Using the data below, return the stretch from the line that contains "Fototapeta premium Out" through the line that contains "Forest Glade, Santa", both included, exactly as it stands and nothing beyond it.

Dataset items
====
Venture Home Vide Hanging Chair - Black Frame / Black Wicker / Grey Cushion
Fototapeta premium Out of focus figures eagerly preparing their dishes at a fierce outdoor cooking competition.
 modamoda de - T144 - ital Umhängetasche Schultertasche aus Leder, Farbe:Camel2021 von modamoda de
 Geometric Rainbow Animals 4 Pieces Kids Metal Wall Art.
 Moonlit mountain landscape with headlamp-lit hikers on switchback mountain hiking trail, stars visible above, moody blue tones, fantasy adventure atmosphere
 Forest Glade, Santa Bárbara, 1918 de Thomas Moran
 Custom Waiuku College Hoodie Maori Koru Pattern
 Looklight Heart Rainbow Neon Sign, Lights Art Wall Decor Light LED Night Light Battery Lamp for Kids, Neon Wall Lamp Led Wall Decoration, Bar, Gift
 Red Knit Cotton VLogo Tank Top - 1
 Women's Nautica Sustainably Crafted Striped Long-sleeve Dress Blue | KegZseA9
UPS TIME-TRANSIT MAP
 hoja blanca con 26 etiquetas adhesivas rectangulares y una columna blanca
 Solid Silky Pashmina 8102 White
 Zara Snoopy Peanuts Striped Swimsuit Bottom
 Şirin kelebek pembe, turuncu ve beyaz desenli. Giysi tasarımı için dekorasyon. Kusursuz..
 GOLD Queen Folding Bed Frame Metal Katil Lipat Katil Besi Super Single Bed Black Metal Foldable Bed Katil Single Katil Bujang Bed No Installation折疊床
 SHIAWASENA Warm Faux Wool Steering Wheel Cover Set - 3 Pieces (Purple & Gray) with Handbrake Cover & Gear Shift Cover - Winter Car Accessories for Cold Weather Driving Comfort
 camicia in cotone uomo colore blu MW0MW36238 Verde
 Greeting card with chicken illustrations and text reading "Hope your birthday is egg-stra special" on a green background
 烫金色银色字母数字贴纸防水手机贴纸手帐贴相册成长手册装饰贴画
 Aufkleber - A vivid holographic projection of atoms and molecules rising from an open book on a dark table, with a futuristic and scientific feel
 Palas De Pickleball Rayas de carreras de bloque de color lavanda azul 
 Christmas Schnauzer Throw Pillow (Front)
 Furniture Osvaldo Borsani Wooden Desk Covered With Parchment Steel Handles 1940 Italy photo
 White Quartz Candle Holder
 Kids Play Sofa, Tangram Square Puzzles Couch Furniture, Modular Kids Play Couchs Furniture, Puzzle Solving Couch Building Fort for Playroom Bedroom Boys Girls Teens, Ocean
====
- _SOLUTION TO THIS EXERCISE_:
Fototapeta premium Out of focus figures eagerly preparing their dishes at a fierce outdoor cooking competition.
 modamoda de - T144 - ital Umhängetasche Schultertasche aus Leder, Farbe:Camel2021 von modamoda de
 Geometric Rainbow Animals 4 Pieces Kids Metal Wall Art.
 Moonlit mountain landscape with headlamp-lit hikers on switchback mountain hiking trail, stars visible above, moody blue tones, fantasy adventure atmosphere
 Forest Glade, Santa Bárbara, 1918 de Thomas Moran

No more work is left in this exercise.